Your copy starts at the line containing "1st image of 21698 Holly Leaf Ct" and ends at the last line below. Copy exactly, without pictures.

(Supplied information):
== Segment start ==
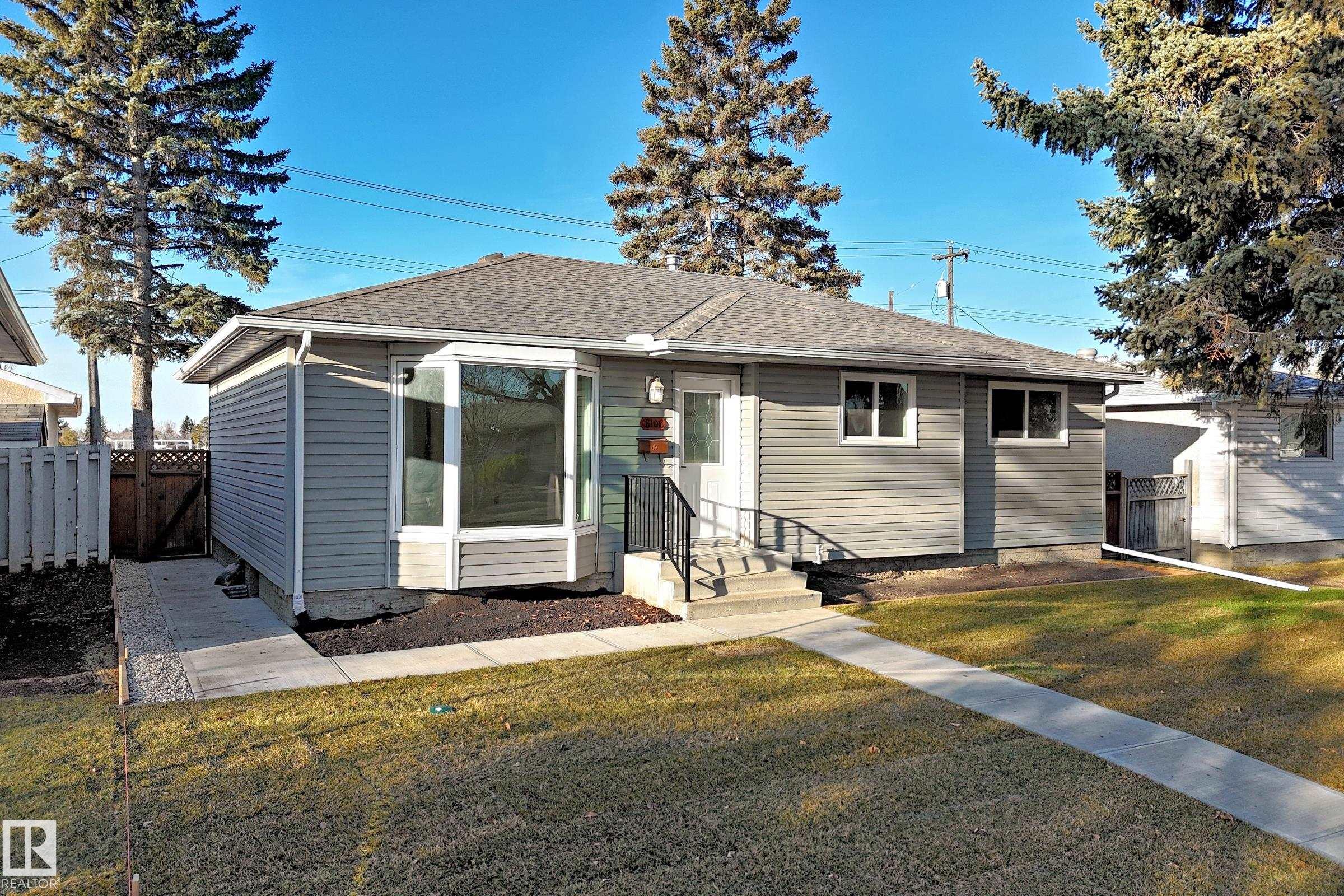 Photo 2 at 8108 163 Street NW, Elmwood, Edmonton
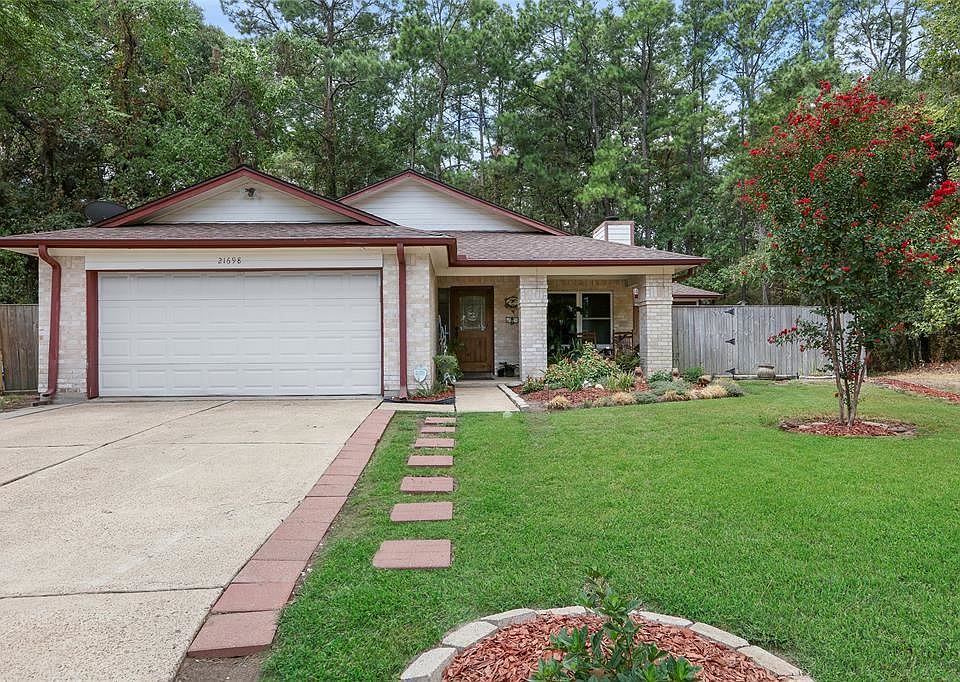 1st image of 21698 Holly Leaf Ct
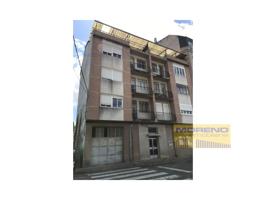 Comunidad En venta en Sarria photo 0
== Segment end ==
(Exercise response):
 1st image of 21698 Holly Leaf Ct
 Comunidad En venta en Sarria photo 0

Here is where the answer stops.